Feeling my sanity slip away, I’m reminded I have an option to see things differently.

Kirstie Taylor
6 min readApr 5, 2020
Photo by Jen Theodore on Unsplash

I woke up this morning like I did every other day the past three weeks and will wake up for the foreseeable future. Today is Saturday, but I had to check my phone just to be sure. It could be Tuesday or Easter, it really makes no difference.

But today I felt a new sort of heaviness laced with agitation clouding my mind; the kind that coffee nor a morning shag on the counter of my boyfriend’s kitchen could cure.

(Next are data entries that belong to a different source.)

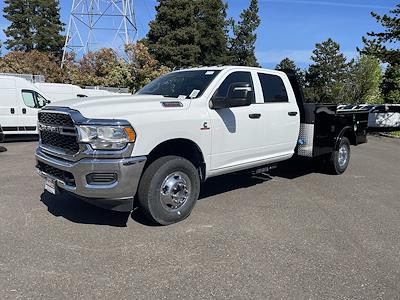 2024 Ram 3500 Crew Cab DRW 4WD, Knapheide PGTD Gooseneck Flatbed Truck for sale #RG138948 - photo 1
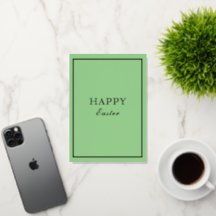 マカフランスのロンハッピーイースターグリーン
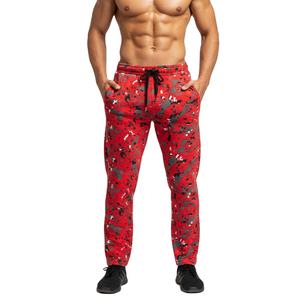 Jogging pour hommes conçus pour la salle de sport et les activités de plein air, tissu extensible doux, taille élastique, fabrication OEM personnalisée, export. - Product Image 4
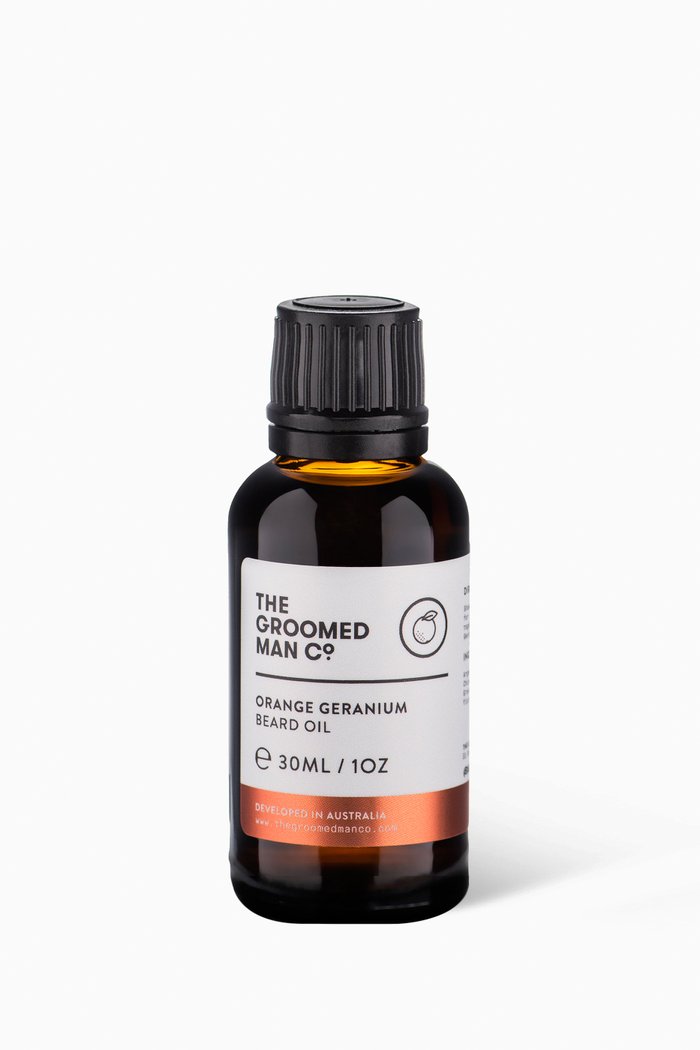 

Orange Geranium Beard Oil, 30ml, Multicolour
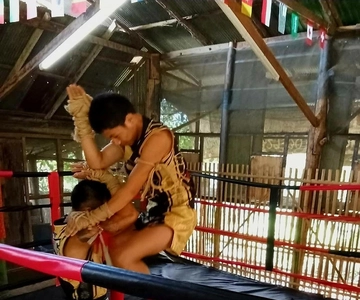 Private Muay Thai Class in Pai with a Muay Femur Master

It’s anxiety; it’s boredom; it’s all of it in between. It’s the thought of not leaving this house until June, maybe August. And it’s what those thoughts incite within me — I’d say a stomach ache mixed with a longing for something, just a little more.

I’ve seen these walls. I’ve felt the cold, unforgiving tile beneath my feet — every day, all day. And every day to come. They are part of me and I them. I’ve lost my identity in these rooms, that or my sanity, but, honestly, what is the difference?

I’ve breathed in the air of the surrounding valley, partly covered in scorched fauna from the fires; mostly covered in nature prevailed. I never saw myself living here, a stone’s throw from Los Angeles but removed from the hustle and bustle, one I…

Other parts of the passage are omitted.